The first goal is a laudable one: improve patient care by discovering the hidden trends in patient care reports. The second goal is also laudable, but more form an managerial perspective: save money on these efforts while boosting the hospital's potential to secure research grants, and moving the entire hospital closer to an automated center of care.

"Were very excited by the idea … to be able to better understand the elements of care so we can manage them more effectively," said BMC's CIO and vice president, Meg Aranow. "So this allows us to look at hundreds of thousands of patient records quickly and be able to determine what interventions and practices are yielding the best results."

After reviewing at least four data integration vendors including Ascential (owned by IBM), Dimensional Insight, Aranow and her team decided Informatica's solution would best meld with there existing infrastructure of databases (SQL, Oracle, legacy and others) as well as enable them to find the right local talent to make the project work.

Gartner's Magic Quadrant also played a role. Aranow and her team only considered companies in the upper right quadrant: the "Leaders" quadrant. In the end it was up to the CTO to make the final call.

"He made the call because of this labor force assessment we had done," said Aranow. "Informatica appealed more to the technical side and end-user usability."

It took three months of integration work on the part of Informatica and BMC's internal IT staff to link all 14 of the hospital's separate patient care databases into Informatica's PowerCenter solution. And they are using reporting software from Business Objects to get the results.

"There's certainly some work to move to Informatica but one of the reasons we selected this tool is because it's one of the least invasive to our current systems," Aranow said.

The effort's one Achilles' heel may be these live systems. In October they will implement a small scale pilot to see if these patient care systems, which doctors, nurses and staff rely on to treat patients in real time, will bog down under the added weight of sending information to the PowerCenter data warehouse.

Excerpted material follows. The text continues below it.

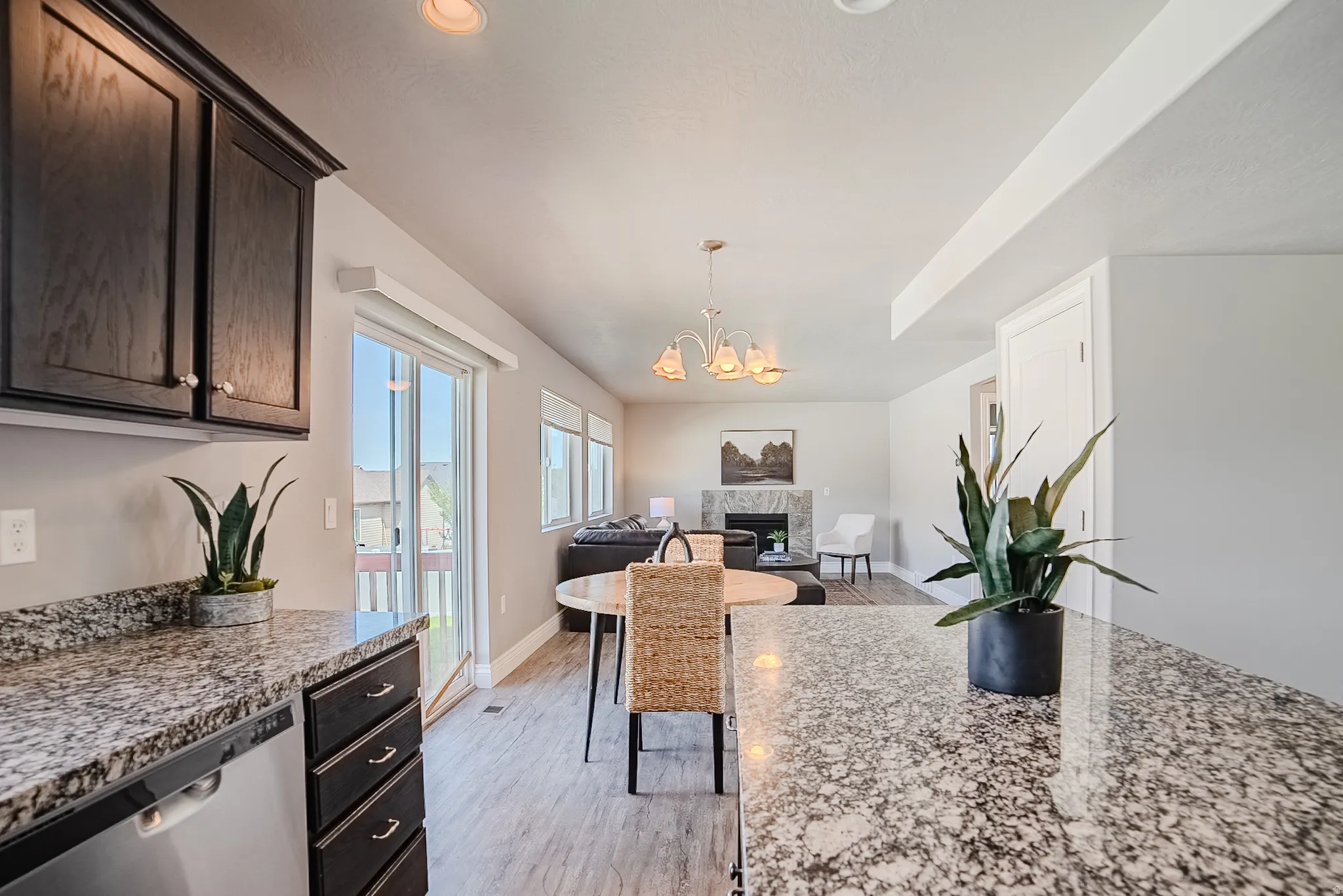 Open concept living area featuring wood-finish flooring, recessed lighting, and sliding glass door access to an outdoor area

Overall, the system was not cheap costing about 15% of Aranow's capital budget and an additional $500,000 to $750,000 for six or seven new staff. But, if things work out the way they are expected to, BMC will be more automated, provide more efficient and therefore less costly patient care, save money on internal research and paper-based systems, and, hopefully, attract more research dollars.

As far as ROI goes, it wasn't something topping Aranow's list. Hospitals have a hard time showing positive ROI because of the business they are in. But with a little luck, all of the above mentioned benefits should yield positive results sooner rather than later.

"Hospitals are not necessarily stellar examples of getting hard ROI," she said.

Moving the hospital forward technologically is more important than dollars and sense right now and that is why Aranow is confident they are "doing the right thing."